**Work instruction:**
Please return the data that follows precisely as written, but without the images.
[Data extract Boundary: Start]
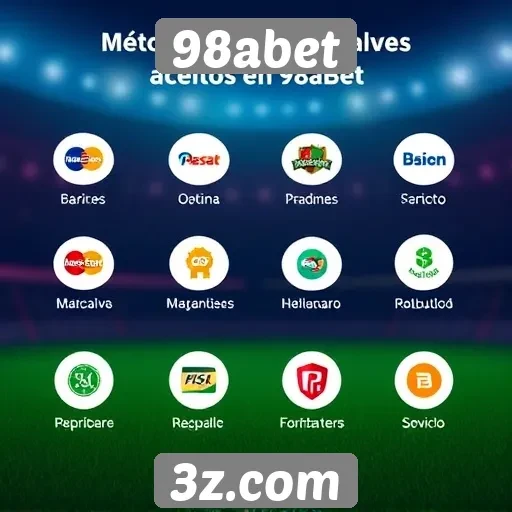 Métodos de pagamento aceitos no 98abet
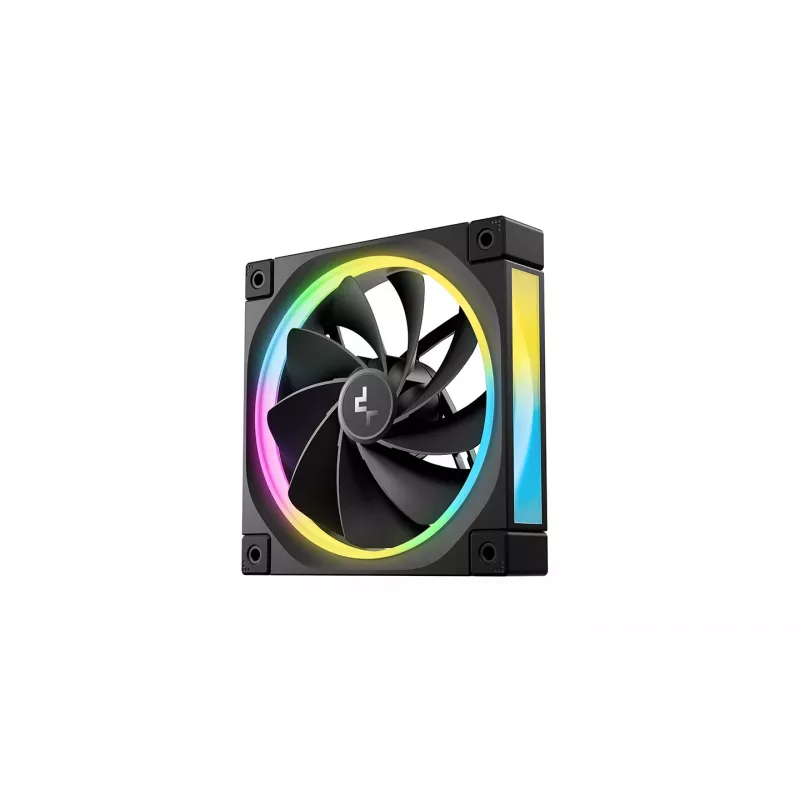 DeepCool FL12R 120mm ARGB korpusa ventilatori, 3 iepakojumā, melni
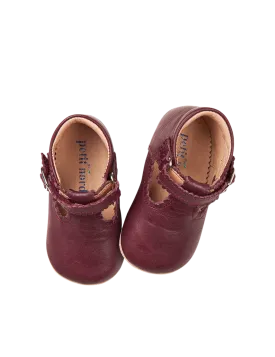 Baby Scallop T-bar - Plum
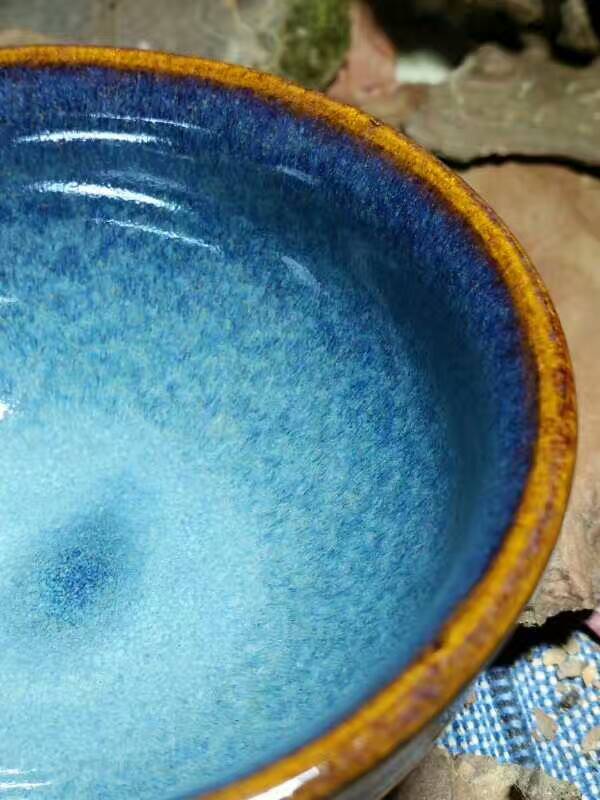 孫建興烏金回藍(lán)釉：9*5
[Data extract Boundary: End]
**Answer for the task:**
 Métodos de pagamento aceitos no 98abet
 DeepCool FL12R 120mm ARGB korpusa ventilatori, 3 iepakojumā, melni
 Baby Scallop T-bar - Plum
 孫建興烏金回藍(lán)釉：9*5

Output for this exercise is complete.